Arbitration Award Against Federal Contractor Highlights Need to Review Collective Bargaining Agreements Prior to Internal Investigations

7 min

When companies are alerted to potential violations of policy or relevant law, they frequently open internal investigations to determine the events that occurred and whether the circumstances require corrective action. Investigations are an important tool that any responsible company should be prepared to use, either on its own or with the assistance of counsel. But the details matter. A recent case from the U.S. District Court of Maryland raises pitfalls to avoid, including the failure to comply with an applicable collective bargaining agreement (CBA) when conducting employee interviews during an investigation.

What Was the Case About?

The case involved a company's investigation into whether its employee falsified training certificates required under the company's contract with the government, and whether that investigation provided the employee with the protections required under the operative CBA.

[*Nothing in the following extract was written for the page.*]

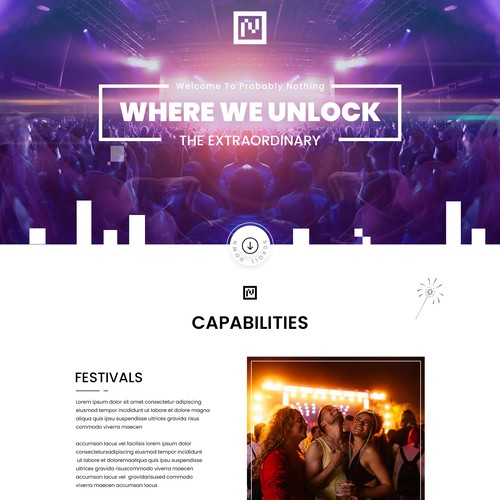 Create a crazy bizarre landing page design for an experiential events company Design by Vixel Works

In Elite Protective Services, Inc., v. International Guards Union of America, Local 154, the employer (Elite) provided security services to federal government facilities in the greater Washington, DC metropolitan area. No. TJS-22-0974, 2023 WL 2185672, at *2 (D. Md. Feb. 23, 2023). As a result, Elite was required to staff the facilities with guards who met certain fitness and training requirements. Id. These included a mandatory 36-hour "Refresher Training" at least every three years. Id. at *3. A manager at Elite was responsible for certifying employee training in 2018 and 2019, but she had passed away when, in 2021, Elite learned of problems with some of its employees' training certifications. Id. Specifically, two guards admitted to submitting falsified training certifications for mandatory Refresher Training in 2018. Id. Even though their certification forms listed dates on which no training had occurred, the forms contained signatures from the since-deceased manager that (falsely) certified the employees' training. Id. Elite determined that another employee, Mr. Paul Ogordi, had essentially the same type of certification in his file. Id.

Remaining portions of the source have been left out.